De “Lady” even aanraken, het kleine beeldje van een lady die leunt tegen een eenhoorn en in de rokerslounge stond, werd het ultieme gebaar voor menig duiker.
Interessanter voor liefhebbers : het ruim volgestouwd met JMC trucks, wapens, munitie, jeeps, kanonnen.
Tony geniet.

Het is moeilijk je nu in te denken hoe in volle oorlogstijd het water waar we nu op dobberen propvol lag met boten, dat er aan land vier grote vliegvelden pronkten, er 40.000 militairen gestationeerd waren, 4 tot 500.000 man hier doorreisden . Een gekrioel van belang in het stadje van nu zo een 14.000 inwoners.
Er rest enkel nog, de snelwegbrede hoofdstraat (breed genoeg om 4 trucks langs elkaar toe te laten, daar stond de commandant op), nog wat van de quonset hutten, overwoekerde vliegvelden, overal verspreide wrakken en million dollarpoint waar men na de oorlog alle materiaal gewoon in zee duwde.

Om onze provisies weer aan te vullen, ankeren we bij het Beachfront Resort in Luganville.

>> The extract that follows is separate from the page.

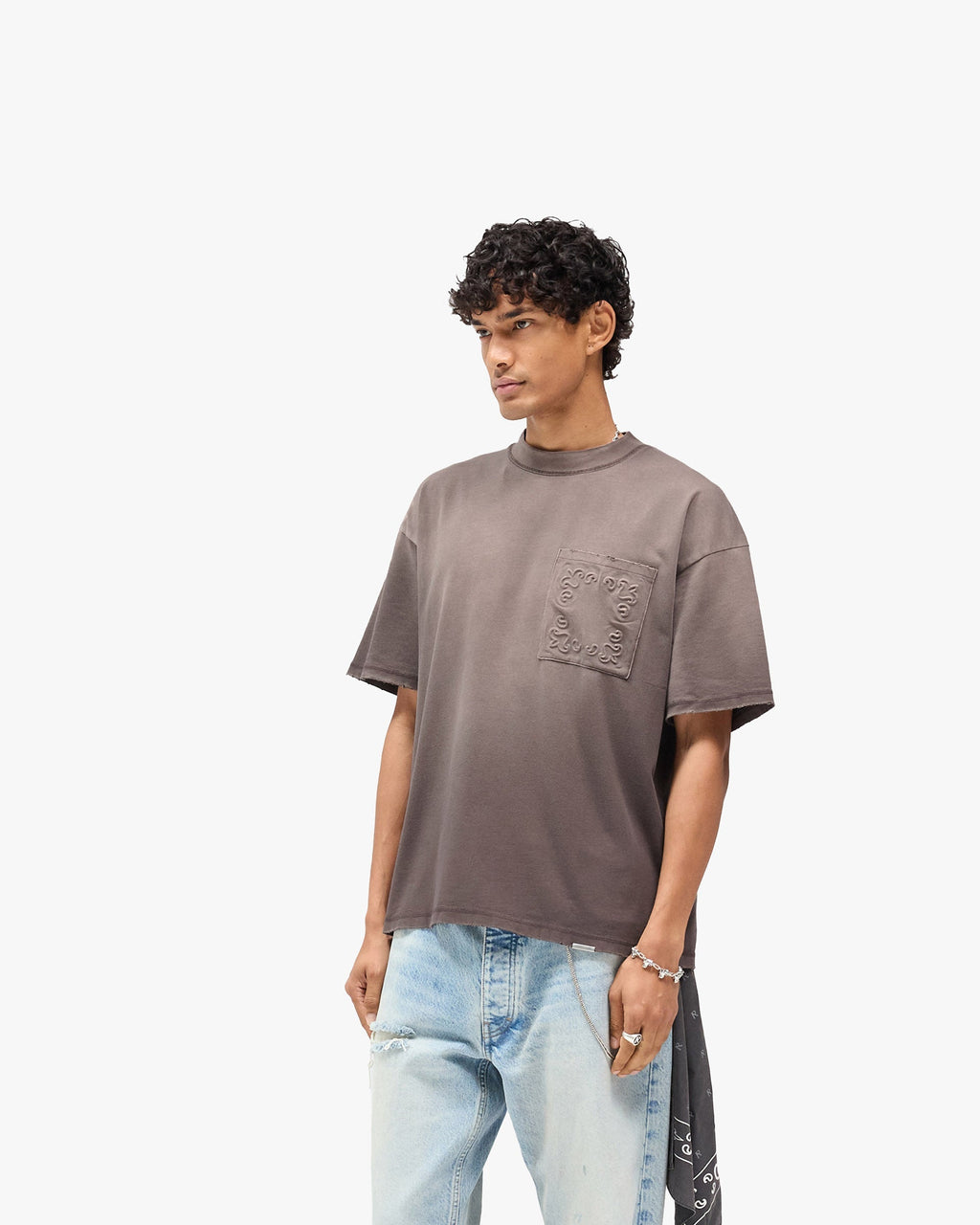Represent X Hunter T-Shirt - Stained Brown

Dichtbij de stad om inkopen te doen en toch rustig zodat we elke avond van het zwembad, een drankje en hapje kunnen genieten én van een gesprekje met een leuk NZ gezin met vakantie. We lezen online wat nieuws, hebben één avond zelfs, toevallig, door het indrukken van een fout knopje, een verrassings babbeltje met een beste vriendin.

Voor het Beachfront Resort.

Gasbus laten vullen...



...en samen met diesel en benzine aan boord brengen.

We mailen ook nog steeds met een ambtenaar in Noro (Salomon eilanden). Als hij ons laat weten dat we een PCR test nodig hebben en een sanitair certificaat voor de boot en we beseffen dat het ons meer dan 1.500 € extra zal kosten, meer nog dat deze dingen in Sola, onze laatste haven niet mogelijk zijn, raken we even in paniek. Moeten we onze bestemming nu nog wijzigen? Maar dan stelt hij ons meteen ook weer gerust. In de Salomons kan dit ook nog geregeld worden. Laten we dat dan maar hopen.

Prompt gaan we uitklaren in het immigratiekantoor, dat kunnen we in Sola niet. Zeven ingevulde formulieren en flink wat wachten later verlaten we zwetend het piepkleine kantoor, mét een stempel van Vanuatu in ons paspoort (tot 30 oktober).
Douane is er wél op Sola. Die formaliteiten kunnen we daar volbrengen. We hebben alvast een brief voor hun bij.

De vier trucks brede hoofdstraat.


Markt in Luganville.

 

Positie : Beachfront Resort, Luganville ( Espiritu Santo – Vanuatu)



Dinghy dok met overdekte leugenbank links. 

Voor we de Maskelyne eilanden verlaten, willen we nog even een kijkje nemen in Uliveo, waar we drie jaar geleden het jubileum van de doopvontsschelpen farm meevierden.
Is het nu toeval ? Ook dit keer wordt er gevierd. Zodra we voet aan wal zetten, het spannende binnenvaren van de ”hondenpoot” pas met harde wind brachten we er goed vanaf, en we een praatje maken met de altijd aanwezige mannen op de “leugenbank” onder het rieten afdak, komt Philip ons achterna gelopen en nodigt ons uit voor de “fathersday celebration” van morgen zondag in hun Presbyteriaanse gemeenschap. We moeten op tijd komen want er horen wat voorbereidingen bij, doet hij mysterieus. En het programma zal hij ons later komen vertellen.
Zondag loop ik de ganse dag in een weinig flaterende “aelan dress” (eiland jurk ook wel missionaris jurk) dat hoort zo, beweert Philip. Captain Tony krijgt, samen met alle vaders, een bloemenkrans omgehangen.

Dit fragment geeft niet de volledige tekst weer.